## Short descriptive text snippets
□ □ □ □

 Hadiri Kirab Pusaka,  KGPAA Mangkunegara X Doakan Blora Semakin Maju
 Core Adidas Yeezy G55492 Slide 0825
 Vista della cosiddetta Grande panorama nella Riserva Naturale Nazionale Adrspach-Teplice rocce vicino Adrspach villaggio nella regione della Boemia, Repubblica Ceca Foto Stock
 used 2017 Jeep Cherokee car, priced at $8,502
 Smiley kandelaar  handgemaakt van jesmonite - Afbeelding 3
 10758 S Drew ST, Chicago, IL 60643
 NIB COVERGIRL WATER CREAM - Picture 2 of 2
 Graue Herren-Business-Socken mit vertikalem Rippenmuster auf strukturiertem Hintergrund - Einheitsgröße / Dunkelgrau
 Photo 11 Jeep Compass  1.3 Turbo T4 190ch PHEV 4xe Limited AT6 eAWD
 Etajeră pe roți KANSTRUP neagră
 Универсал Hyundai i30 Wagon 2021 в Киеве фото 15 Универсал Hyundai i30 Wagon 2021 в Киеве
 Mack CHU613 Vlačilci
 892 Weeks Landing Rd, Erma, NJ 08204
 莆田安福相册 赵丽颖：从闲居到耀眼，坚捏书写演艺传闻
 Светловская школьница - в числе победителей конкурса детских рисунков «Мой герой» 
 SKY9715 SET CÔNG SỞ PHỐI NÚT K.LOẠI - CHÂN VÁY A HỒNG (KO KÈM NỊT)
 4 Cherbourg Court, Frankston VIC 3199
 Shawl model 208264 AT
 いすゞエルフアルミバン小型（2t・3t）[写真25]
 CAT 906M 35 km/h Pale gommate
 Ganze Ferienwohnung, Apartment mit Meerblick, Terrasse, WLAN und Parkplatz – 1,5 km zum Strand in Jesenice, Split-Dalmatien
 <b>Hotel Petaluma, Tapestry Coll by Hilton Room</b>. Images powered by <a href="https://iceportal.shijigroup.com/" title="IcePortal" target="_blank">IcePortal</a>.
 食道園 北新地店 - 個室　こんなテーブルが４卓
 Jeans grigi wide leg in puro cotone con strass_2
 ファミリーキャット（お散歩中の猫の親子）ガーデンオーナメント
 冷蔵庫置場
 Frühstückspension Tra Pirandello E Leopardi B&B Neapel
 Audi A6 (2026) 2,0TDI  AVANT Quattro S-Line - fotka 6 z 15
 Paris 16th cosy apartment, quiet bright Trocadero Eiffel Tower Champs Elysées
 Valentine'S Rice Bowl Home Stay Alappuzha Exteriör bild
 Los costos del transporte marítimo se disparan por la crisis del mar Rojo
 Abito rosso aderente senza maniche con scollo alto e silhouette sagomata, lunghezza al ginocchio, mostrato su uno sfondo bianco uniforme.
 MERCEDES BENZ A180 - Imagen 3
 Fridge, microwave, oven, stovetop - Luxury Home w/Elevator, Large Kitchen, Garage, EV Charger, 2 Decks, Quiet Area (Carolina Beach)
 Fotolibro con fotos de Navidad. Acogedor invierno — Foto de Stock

□ □ □ □

## DESCRIPTION OF THE TASK
Counting the line that contains "いすゞエルフアルミバン小型（2t・3t）[写真25]" as the first, copy exactly every line through the end of the records, and nothing else.

## RESPONSE TO THIS EXERCISE
 いすゞエルフアルミバン小型（2t・3t）[写真25]
 CAT 906M 35 km/h Pale gommate
 Ganze Ferienwohnung, Apartment mit Meerblick, Terrasse, WLAN und Parkplatz – 1,5 km zum Strand in Jesenice, Split-Dalmatien
 <b>Hotel Petaluma, Tapestry Coll by Hilton Room</b>. Images powered by <a href="https://iceportal.shijigroup.com/" title="IcePortal" target="_blank">IcePortal</a>.
 食道園 北新地店 - 個室　こんなテーブルが４卓
 Jeans grigi wide leg in puro cotone con strass_2
 ファミリーキャット（お散歩中の猫の親子）ガーデンオーナメント
 冷蔵庫置場
 Frühstückspension Tra Pirandello E Leopardi B&B Neapel
 Audi A6 (2026) 2,0TDI  AVANT Quattro S-Line - fotka 6 z 15
 Paris 16th cosy apartment, quiet bright Trocadero Eiffel Tower Champs Elysées
 Valentine'S Rice Bowl Home Stay Alappuzha Exteriör bild
 Los costos del transporte marítimo se disparan por la crisis del mar Rojo
 Abito rosso aderente senza maniche con scollo alto e silhouette sagomata, lunghezza al ginocchio, mostrato su uno sfondo bianco uniforme.
 MERCEDES BENZ A180 - Imagen 3
 Fridge, microwave, oven, stovetop - Luxury Home w/Elevator, Large Kitchen, Garage, EV Charger, 2 Decks, Quiet Area (Carolina Beach)
 Fotolibro con fotos de Navidad. Acogedor invierno — Foto de Stock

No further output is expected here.